SECTION 3: NORMALIZATION

What is Normalization?

Definition: The process of organizing tables to minimize redundancy and eliminate update/insert/delete anomalies.

Simple Explanation: Instead of storing everything in one giant spreadsheet with tons of repeated data, you split it into smaller, related tables.

1NF — First Normal Form

Rule: Every column holds atomic (indivisible) values. No repeating groups, no arrays, no comma-separated lists.

📐 Architecture Diagram
❌ NOT in 1NF:
┌─────────┬──────────────────────┐
│ student │ courses              │
├─────────┼──────────────────────┤
│ Alice   │ Math, Physics, Chem  │  ← Multiple values in one cell
│ Bob     │ Math, English        │
└─────────┴──────────────────────┘

✅ In 1NF:
┌─────────┬──────────┐
│ student │ course   │
├─────────┼──────────┤
│ Alice   │ Math     │
│ Alice   │ Physics  │
│ Alice   │ Chem     │
│ Bob     │ Math     │
│ Bob     │ English  │
└─────────┴──────────┘

2NF — Second Normal Form

Rule: Must be in 1NF + every non-key column depends on the ENTIRE primary key (no partial dependencies).

This only matters when you have a composite primary key.

📐 Architecture Diagram
❌ In 1NF but NOT 2NF:
PK = (student_id, course_id)

┌────────────┬───────────┬──────────────┬──────────────────┐
│ student_id │ course_id │ student_name │ course_name      │
├────────────┼───────────┼──────────────┼──────────────────┤
│ 1          │ C101      │ Alice        │ Mathematics      │
│ 1          │ C102      │ Alice        │ Physics          │
│ 2          │ C101      │ Bob          │ Mathematics      │
└────────────┴───────────┴──────────────┴──────────────────┘

Problem: student_name depends ONLY on student_id (partial dependency)
         course_name depends ONLY on course_id (partial dependency)

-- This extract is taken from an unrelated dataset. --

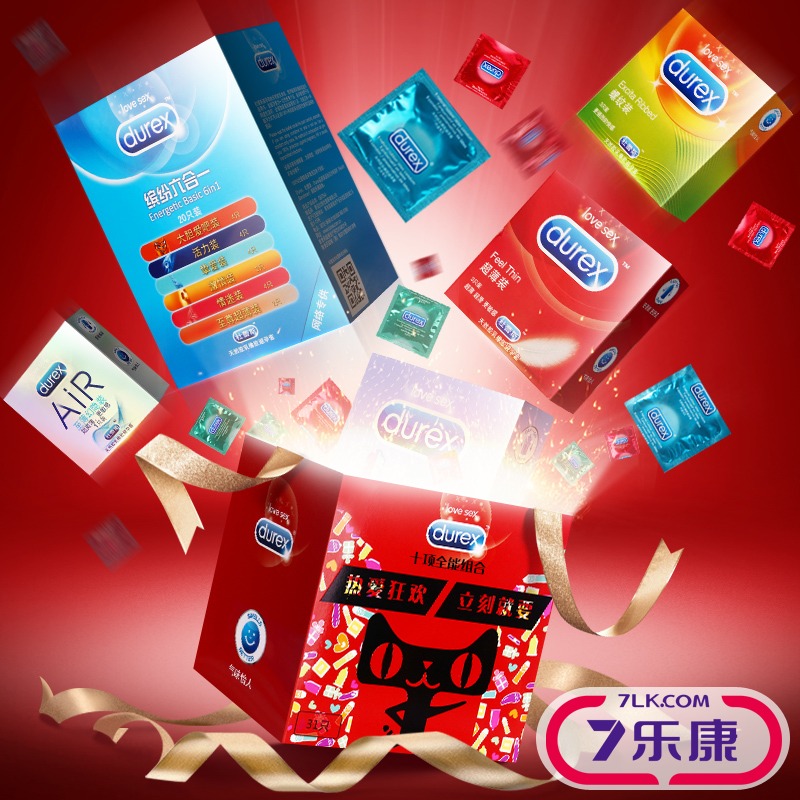 杜蕾斯10合1避孕套超薄型男用air空气安全套颗粒情趣成人用品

✅ In 2NF — Split into 3 tables:

students:          courses:            enrollments:
┌────┬───────┐    ┌───────┬─────────┐  ┌────────────┬───────────┐
│ id │ name  │    │ id    │ name    │  │ student_id │ course_id │
├────┼───────┤    ├───────┼─────────┤  ├────────────┼───────────┤
│ 1  │ Alice │    │ C101  │ Math    │  │ 1          │ C101      │
│ 2  │ Bob   │    │ C102  │ Physics │  │ 1          │ C102      │
└────┴───────┘    └───────┴─────────┘  │ 2          │ C101      │
                                       └────────────┴───────────┘

3NF — Third Normal Form

Rule: Must be in 2NF + no transitive dependencies (non-key column depends on another non-key column).

📐 Architecture Diagram
❌ In 2NF but NOT 3NF:

┌─────────────┬───────────┬────────────────┬──────────────┐
│ employee_id │ dept_id   │ dept_name      │ dept_head    │
├─────────────┼───────────┼────────────────┼──────────────┤
│ 1           │ D10       │ Engineering    │ Alice        │
│ 2           │ D10       │ Engineering    │ Alice        │  ← Redundancy!
│ 3           │ D20       │ Marketing      │ Bob          │
└─────────────┴───────────┴────────────────┴──────────────┘

Problem: dept_name and dept_head depend on dept_id, NOT on employee_id.
         employee_id → dept_id → dept_name (transitive dependency)

✅ In 3NF — Split:

employees:                    departments:
┌─────────────┬───────────┐  ┌─────────┬─────────────┬───────────┐
│ employee_id │ dept_id   │  │ dept_id │ dept_name   │ dept_head │
├─────────────┼───────────┤  ├─────────┼─────────────┼───────────┤
│ 1           │ D10       │  │ D10     │ Engineering │ Alice     │
│ 2           │ D10       │  │ D20     │ Marketing   │ Bob       │
│ 3           │ D20       │  └─────────┴─────────────┴───────────┘
└─────────────┴───────────┘

BCNF — Boyce-Codd Normal Form

Definition: A stricter version of 3NF — every determinant must be a candidate key.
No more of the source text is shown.